### MATERIALS PROVIDED

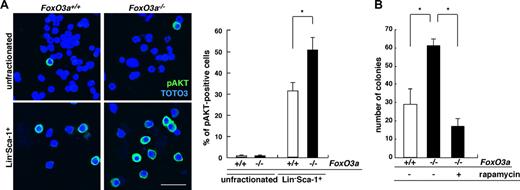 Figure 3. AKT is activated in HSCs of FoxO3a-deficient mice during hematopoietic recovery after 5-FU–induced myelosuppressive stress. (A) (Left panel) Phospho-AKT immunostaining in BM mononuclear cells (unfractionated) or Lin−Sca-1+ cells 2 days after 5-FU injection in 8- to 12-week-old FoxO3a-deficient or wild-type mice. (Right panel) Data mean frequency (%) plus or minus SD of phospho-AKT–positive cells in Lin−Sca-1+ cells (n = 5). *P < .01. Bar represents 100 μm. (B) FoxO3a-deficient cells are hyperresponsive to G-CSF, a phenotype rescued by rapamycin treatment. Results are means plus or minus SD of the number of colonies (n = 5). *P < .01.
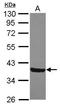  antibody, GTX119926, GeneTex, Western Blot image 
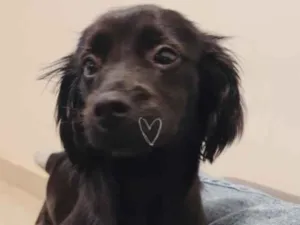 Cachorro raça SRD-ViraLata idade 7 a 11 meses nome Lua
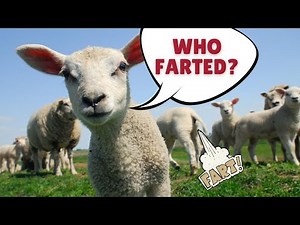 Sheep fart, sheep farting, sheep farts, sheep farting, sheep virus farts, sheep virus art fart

==

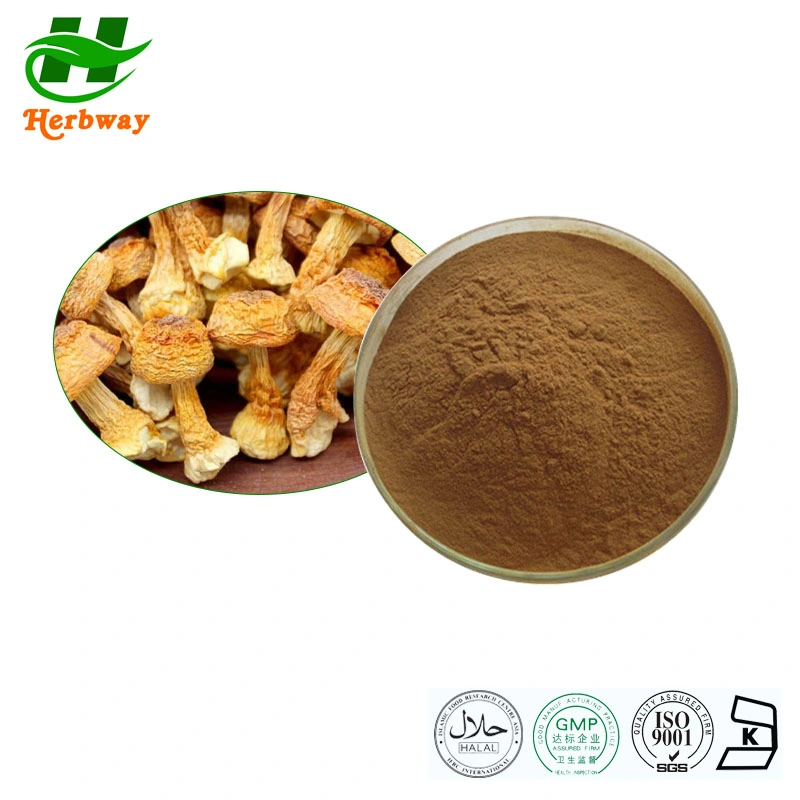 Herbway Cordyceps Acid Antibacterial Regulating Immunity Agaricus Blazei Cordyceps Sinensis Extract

---

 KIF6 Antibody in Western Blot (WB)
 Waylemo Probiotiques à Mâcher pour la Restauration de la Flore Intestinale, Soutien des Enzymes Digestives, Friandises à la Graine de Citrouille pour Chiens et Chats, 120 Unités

### PROBLEM STATEMENT
Copy out exactly the lines above beginning with the line that contains "antibody, GTX119926, GeneTex, Western" and finishing with the line that contains "Sheep fart, sheep", including both; leave the pictures out.

### ANSWER SECTION
  antibody, GTX119926, GeneTex, Western Blot image 
 Cachorro raça SRD-ViraLata idade 7 a 11 meses nome Lua
 Sheep fart, sheep farting, sheep farts, sheep farting, sheep virus farts, sheep virus art fart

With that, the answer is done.